**What is being asked**
Copy out each line of the material below that holds the string "Summer".

**Data extract**
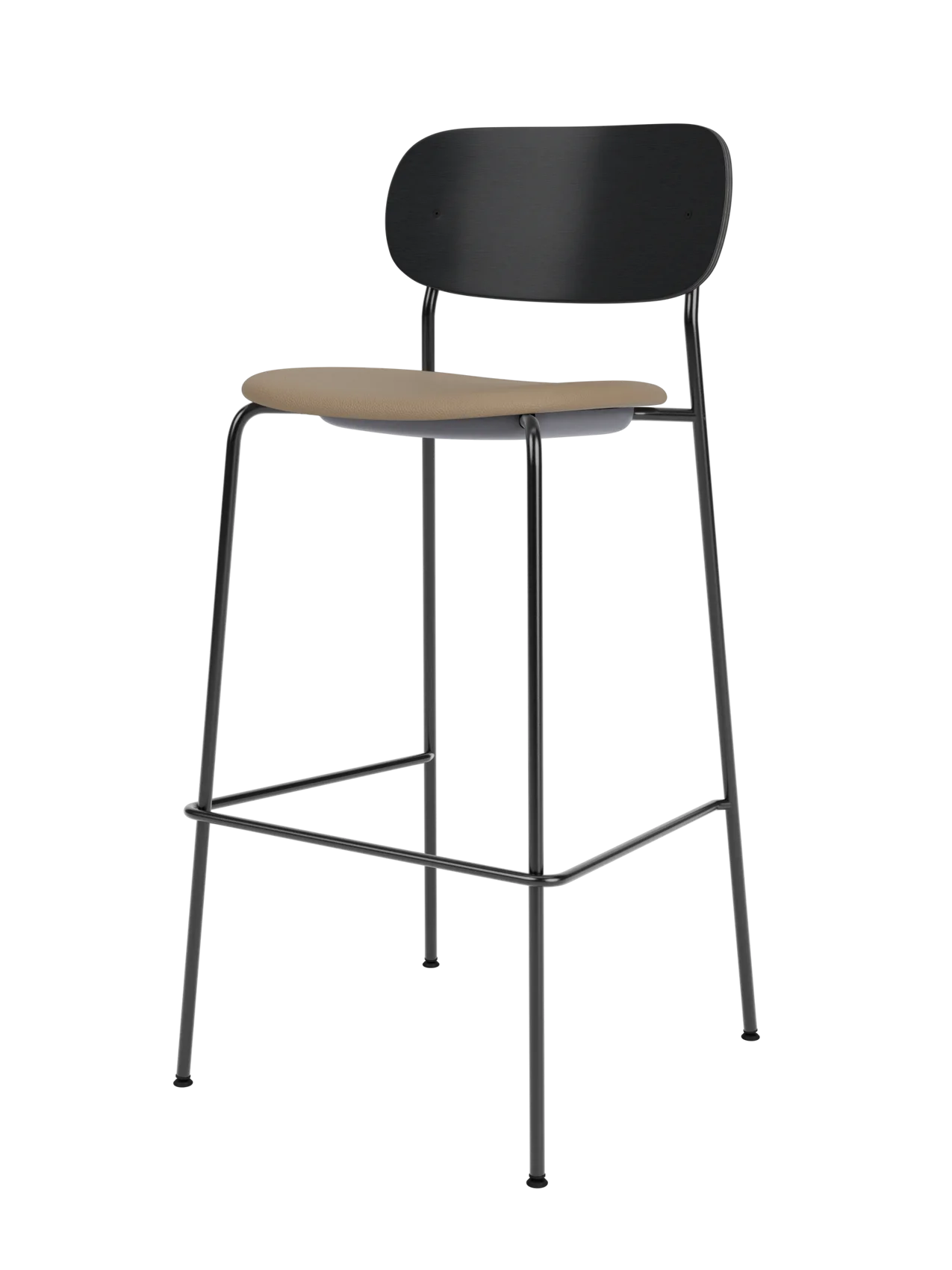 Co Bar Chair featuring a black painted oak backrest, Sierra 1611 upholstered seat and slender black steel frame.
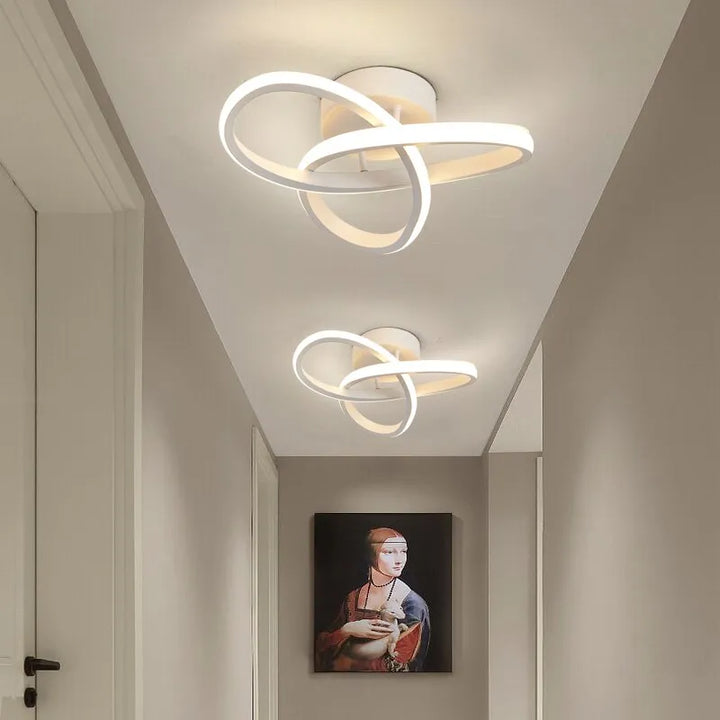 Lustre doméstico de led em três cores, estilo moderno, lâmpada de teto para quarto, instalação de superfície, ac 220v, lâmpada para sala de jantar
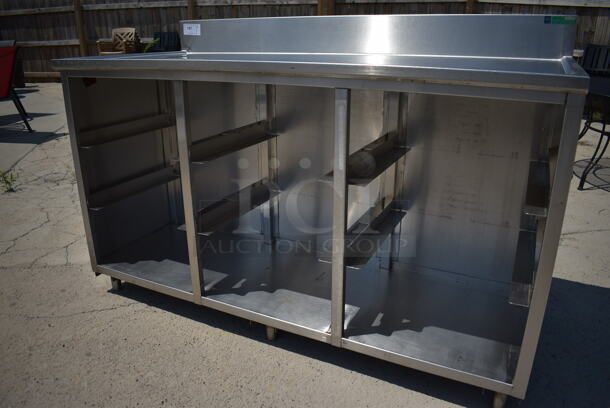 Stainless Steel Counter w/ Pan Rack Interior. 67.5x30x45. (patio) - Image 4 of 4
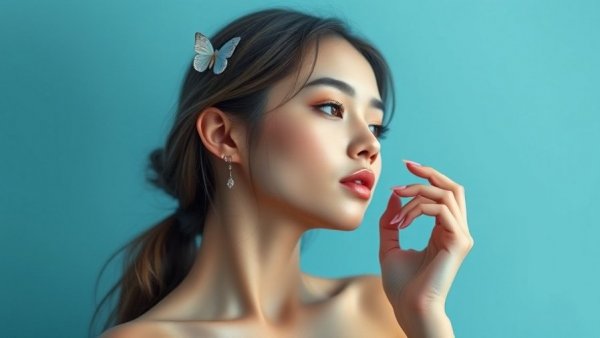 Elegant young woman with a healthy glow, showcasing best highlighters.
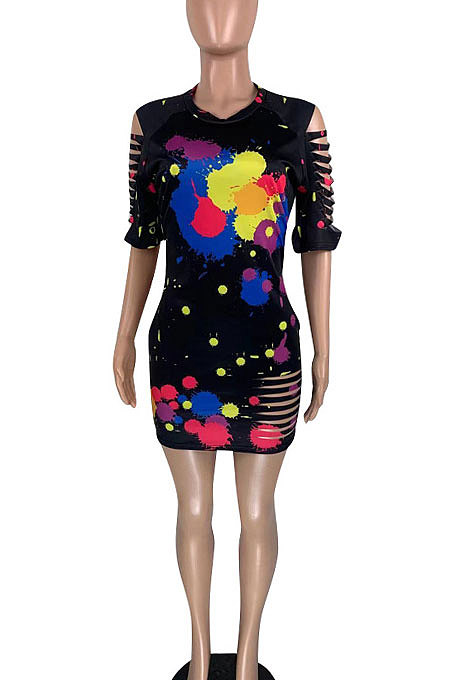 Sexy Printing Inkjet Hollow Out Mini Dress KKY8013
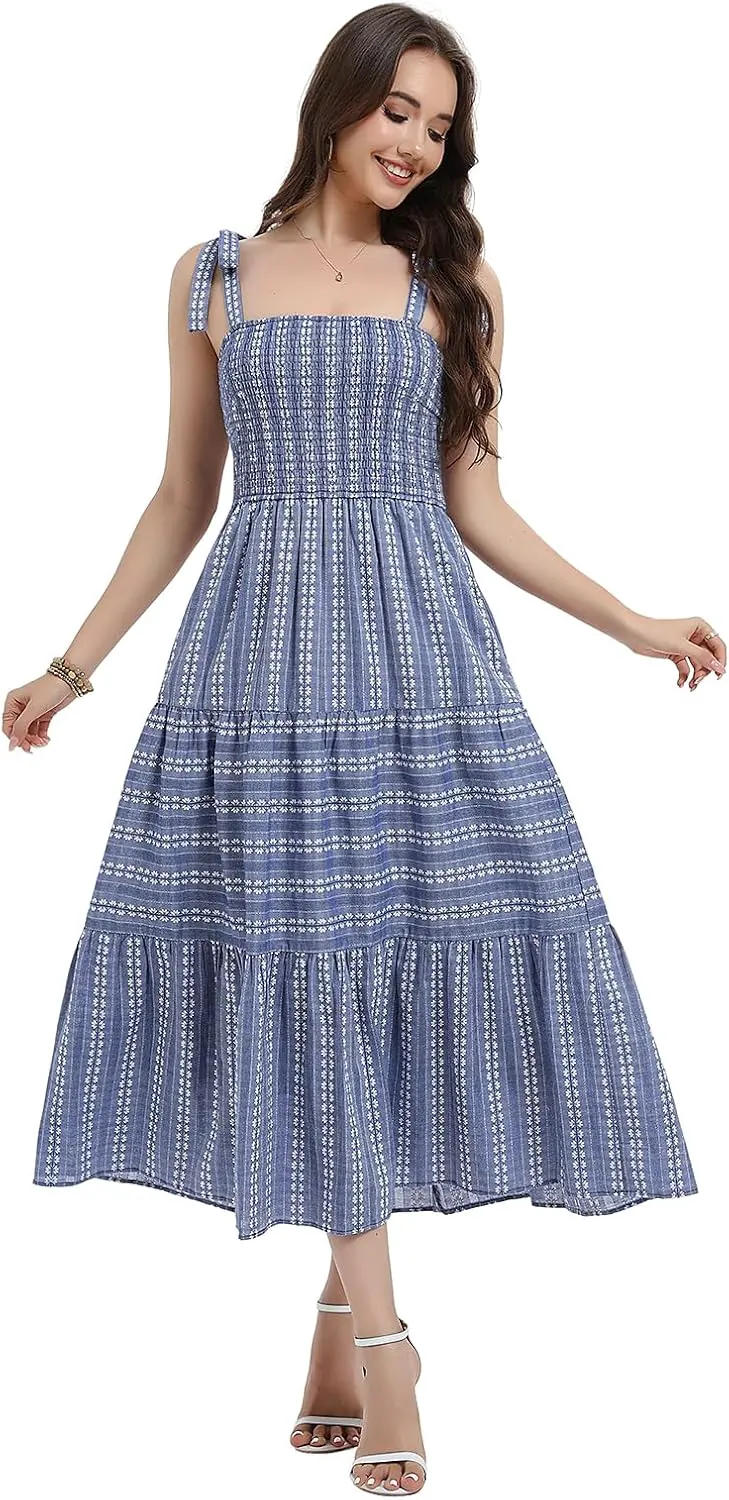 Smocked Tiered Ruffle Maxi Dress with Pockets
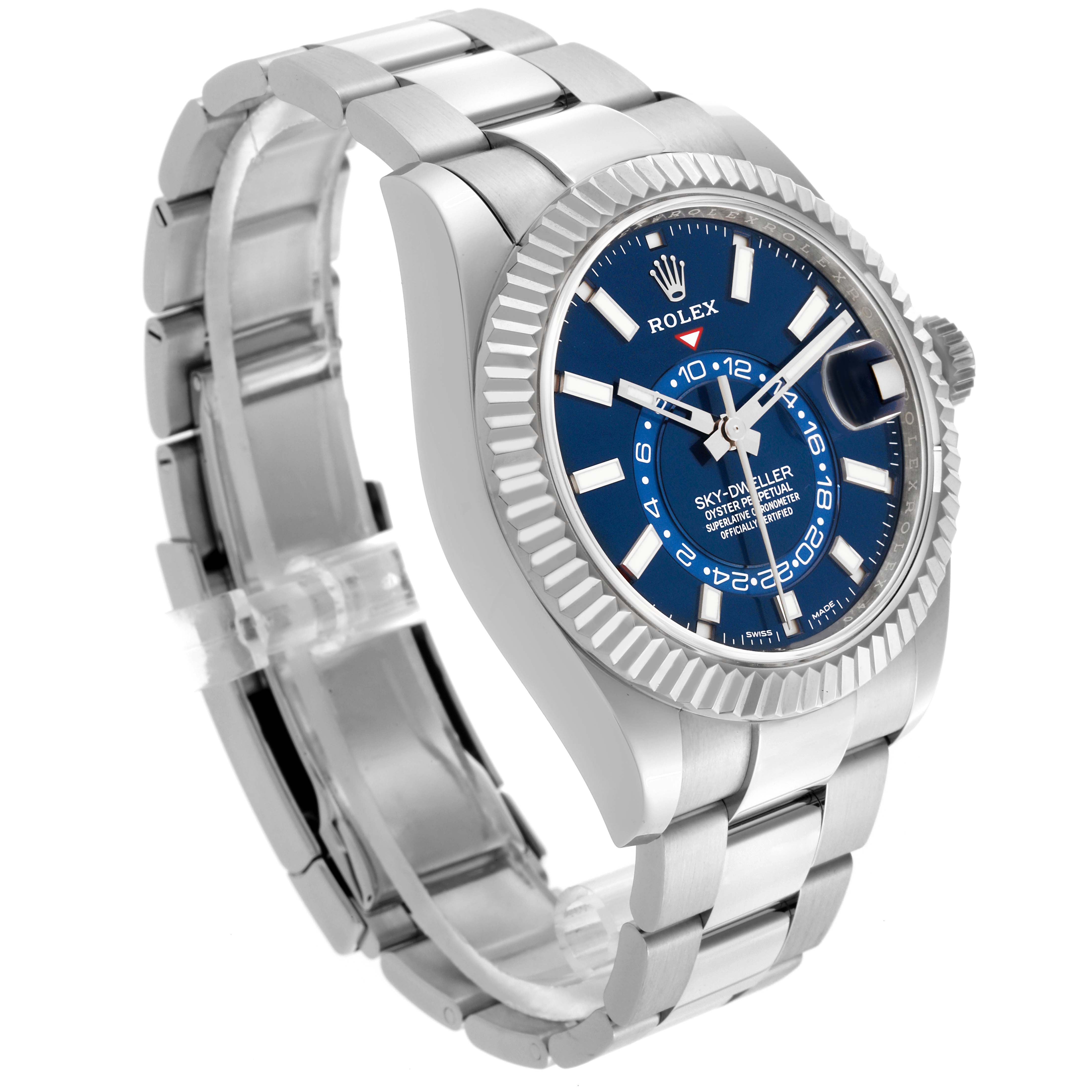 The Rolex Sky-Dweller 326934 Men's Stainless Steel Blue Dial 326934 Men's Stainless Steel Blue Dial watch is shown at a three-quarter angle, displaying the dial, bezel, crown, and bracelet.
--
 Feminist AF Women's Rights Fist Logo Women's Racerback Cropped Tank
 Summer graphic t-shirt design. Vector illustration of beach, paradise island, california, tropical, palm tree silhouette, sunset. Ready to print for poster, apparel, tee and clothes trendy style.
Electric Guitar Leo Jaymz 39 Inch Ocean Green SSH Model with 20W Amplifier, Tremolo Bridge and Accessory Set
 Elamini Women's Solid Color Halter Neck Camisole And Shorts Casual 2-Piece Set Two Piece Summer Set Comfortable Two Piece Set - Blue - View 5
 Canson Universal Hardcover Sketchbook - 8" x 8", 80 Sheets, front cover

**Expected output**
 Summer graphic t-shirt design. Vector illustration of beach, paradise island, california, tropical, palm tree silhouette, sunset. Ready to print for poster, apparel, tee and clothes trendy style.
 Elamini Women's Solid Color Halter Neck Camisole And Shorts Casual 2-Piece Set Two Piece Summer Set Comfortable Two Piece Set - Blue - View 5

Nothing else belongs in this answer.